A great deal of research has been conducted to increase the efficiency of this metal, such as the development of particle-free silver ink by the University of Illinois, which has a lower processing temperature than standard silver ink and can be produced much more quickly.

However, the cost of the base material used for silver inks is an obvious impediment to progression of printed electronics in a cost-conscious, high-volume industry like packaging. "It’s certainly kept it from moving into packaging because packaging organisations just cannot be putting a bunch of silver on their cardboard boxes and making those economics work," says Farnsworth.

As a result, a number of potential alternatives are being researched, including an innovative new graphene ink (derived from pure graphite) developed by a research team at Cambridge University towards the end of 2011.

"Farnsworth believes printed electronics could reduce RFID costs by up to a factor of ten."

Copper, as a much cheaper and more abundant conductive metal than silver, has also been suggested, but until recently it was considered unfeasible because of the natural oxidisation process which it goes through, which often destroys the ink’s conductivity completely.

NovaCentrix is one of the companies that has revived interest in copper as a base material for conductive ink. Using photonic curing, the company has developed a way to start the process with ink based on copper oxide (oxidised copper, which Farnsworth describes as "a low-performing material but very, very inexpensive") and then convert it into copper once it has been printed.

"So we have a low-cost ink, and then it’s converted into copper with the processing tools on the cardboard after it’s been printed," Farnsworth explains. "At very high speeds, we can convert the ink to a very nice functional material that winds up being very low cost."

Inks and flexible packaging: the final hurdle?

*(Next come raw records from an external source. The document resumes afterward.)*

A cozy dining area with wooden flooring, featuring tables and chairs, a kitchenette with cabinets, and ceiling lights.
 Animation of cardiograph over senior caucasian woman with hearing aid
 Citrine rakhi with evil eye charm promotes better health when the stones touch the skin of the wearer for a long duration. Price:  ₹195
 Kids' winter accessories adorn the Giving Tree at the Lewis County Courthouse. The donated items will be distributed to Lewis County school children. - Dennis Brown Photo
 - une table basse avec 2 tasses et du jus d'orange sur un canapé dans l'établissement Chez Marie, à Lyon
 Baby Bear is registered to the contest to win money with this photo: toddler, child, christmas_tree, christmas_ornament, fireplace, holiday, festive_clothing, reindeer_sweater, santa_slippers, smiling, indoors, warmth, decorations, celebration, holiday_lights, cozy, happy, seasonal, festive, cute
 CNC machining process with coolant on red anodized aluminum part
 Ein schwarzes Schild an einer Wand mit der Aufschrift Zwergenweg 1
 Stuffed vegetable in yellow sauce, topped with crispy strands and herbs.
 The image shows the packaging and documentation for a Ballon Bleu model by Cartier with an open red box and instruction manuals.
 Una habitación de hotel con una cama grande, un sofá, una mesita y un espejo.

"You have all kinds of situations where if the ink is too brittle and the substrate flexes then the ink cracks, losing connectivity."

An ink that starts as an ultra-cheap, useless substance but converts into a printed electronics system that almost matches the conductivity of silver-based inks sounds like the best of both worlds. However, that’s not to say it’s been easy to use it to develop efficient printed electronics – it’s not an easy process with any ink, especially when it needs to be printed on to packaging materials that vary so wildly in flexibility and molecular structure.

"You have all kinds of situations where if the ink is too brittle and the substrate flexes then the ink cracks, losing connectivity," says Farnsworth.

"Or if the ink flakes off, it just doesn’t stick – you can get a very good connectivity performance with the material, but as soon as there’s any distortion of the substrate then the ink flakes off, and that’s not going to do any good either."

Farnsworth acknowledges that there’s still a lot of work to be done and a lot of consultations to be made if printed electronics is going to gain a foothold in the packaging sector. "One of the points that we hope to learn from our initial foray into packaging is to understand what types of substrates and packaging opportunities are out there right now, and to see if we have a product set that can address those."

But with the technical and economic stumbling blocks that this technology has already overcome on its slow journey towards the packaging industry, there is no reason to doubt that, in time, it will cross the finish line. With the prospect of built-in solid state lighting, integrated tracking technologies and many more innovations that printed electronics have the potential to provide, there is a significant incentive for packaging companies to get involved at this early stage.

"Of course, we’re a long way from having an HD-quality image on a box of macaroni," Farnsworth says with a smile, "but there are a lot of steps that can happen before we get to that point."